Quando uno viene ad allenarsi ed è dritto con la schiena, con lo sguardo normale, tranquillo e sereno. E poi ci son quelli che chiedono qualcosa: io non devo dare niente, tu devi sempre dare qualcosa. Non viceversa. Metti una maglia di una squadra importante come il Napoli, hai la fortuna di esibirti dando un segnale a quelli che ti guardano. Soprattutto i bambini che sono la cosa più importante di questo sport”.

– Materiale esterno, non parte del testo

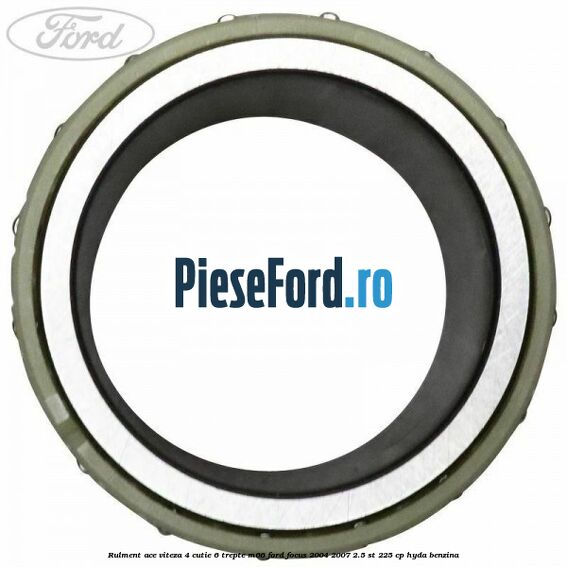 Rulment ace viteza 4 cutie 6 trepte M66 Ford Focus 2004-2007 2.5 ST 225 cp Rulment ace viteza 4 cutie 6 trepte M66 Ford Focus 2004-2007 2.5 ST 225 cp HYDA benzina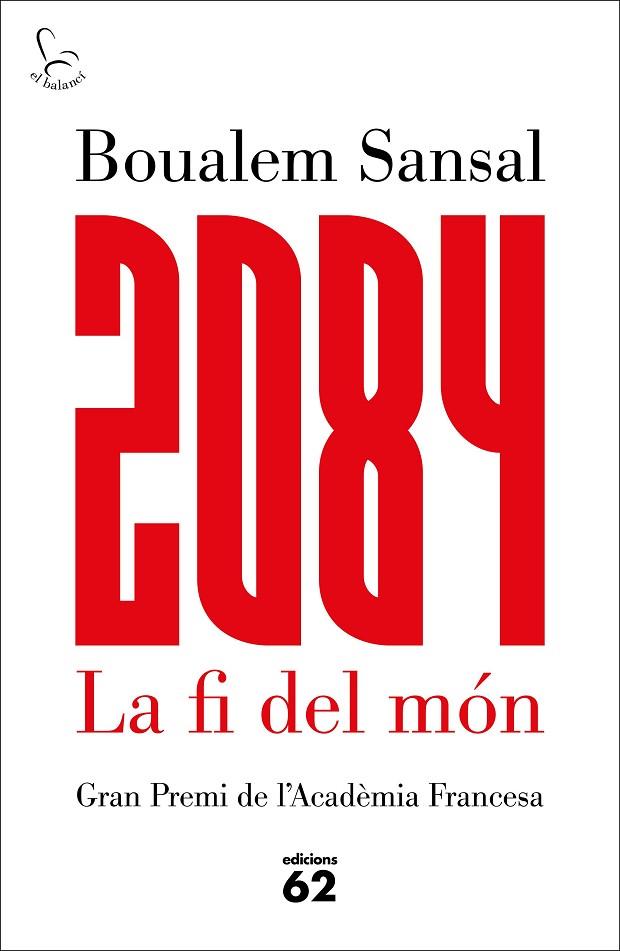 2084.LA FI DEL MÓN | 9788429775211 | SANSAL,BOULEM | Libreria Geli - Librería Online de Girona - Comprar libros en catalán y castellano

Anguissa? “Io non mi devo spiegare tutto, io vado guardo e prendo quel che buono mi passa davanti. Sul fatto di Lobo, perché spesso si è fatto il suo esempio, io son fortunato perché lo conoscevo e volevo prenderlo già all’Inter. Me lo segnalò Alessandro Pane, che faceva il centrocampista e fu mio collaboratore. Ha allenato in B e in C. E me lo segnalò, ricordo che venne e si cercava questa possibilità. Poi ci si fece giocare Brozovic in quella posizione lì. Tentammo di prenderlo, ma non potevamo spendere i soldi che ci presero. Per cui quando sono arrivato qui sapevo benissimo chi era Lobotka. Di solito funziona così: il direttore fa i nomi o ascoltano se faccio qualche nome. Qui c’è Beccaccioli che ne conosce tantissimi di giocatori, a volte parla con Giuntoli e qualche nome lo fa anche lui. Poi il direttore fa i nomi che ha lui nel taccuino, si vanno a guardare. Di lui non ce n’è stato bisogno, lo conoscevo già. Pane mi disse: ‘Guarda questo qui, perché secondo me è bravo!’. A me garbava fare un complimento a Lobotka. Anguissa è un’altra di quelle situazioni di cui parlavamo prima: è un extra-large per comportamento! Fortissimo. Va a fare sovrapposizione in bandierina sopra al tornante, butta palla dentro per il cross, si perde palla e ripartono, lui te lo ritrovi a difendere il contropiede. Ha un raggio d’azione incredibile, lo fa con forza e continuità senza sosta”.
Le emozioni del premio Bearzot? “Un premio importantissimo, che mi inorgoglisce per quello che è stato il personaggio, per quello che ha insegnato come comportamento e calcio. Averlo a casa mia mi fa sentire più forte”.